Sequential aqueous acetone fractionation and characterization of Brauns native lignin separated from Chinese quince fruit.

Lignin, especially Brauns native lignin (BNL), from Chinese quince (Chaenomeles sinensis) fruit represents a potential source of natural antioxidants. However, the highly inhomogeneous structure and the carbohydrate impurity reduce the antioxidant properties of BNL. Accordingly, a sequential aqueous acetone fractionation was used to prepare pure lignin fractions with homogeneous molecular structures; these fractions showed strong antioxidant properties. Analytical results showed that the yields of F50% and F60% exceeded 20% (i.e., 20.6% and 24.1%, respectively). The sugar impurities in BNL were mainly retained in the F30% and F40% fractions. For all fractions, molecular weight increased as the acetone concentration increased. The results from 2D HSQC NMR and 31P NMR indicated that the number of lignin linkages (ß-O-4', ß-ß' and ß-5') and functional groups (S-OH, G-OH, H-OH, and COOH) of these fractions varied with their molecular weights.

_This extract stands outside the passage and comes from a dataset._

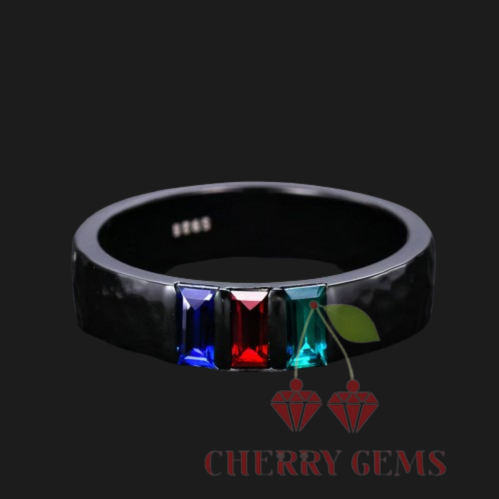 Eternal Tri-Color Gemstone Hammered Band Ring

Antioxidant assays showed that F40%, F50% and F60% had higher antioxidant properties than BNL. Overall, the study provides a simple, environmentally friendly fractionation method to prepare lignin with various structural features and strong antioxidant properties from Chinese quince fruit. These lignin fractions have promising application in some fields with high value, such as antioxidants production, biomaterials, packaging materials, and drug delivery and so on.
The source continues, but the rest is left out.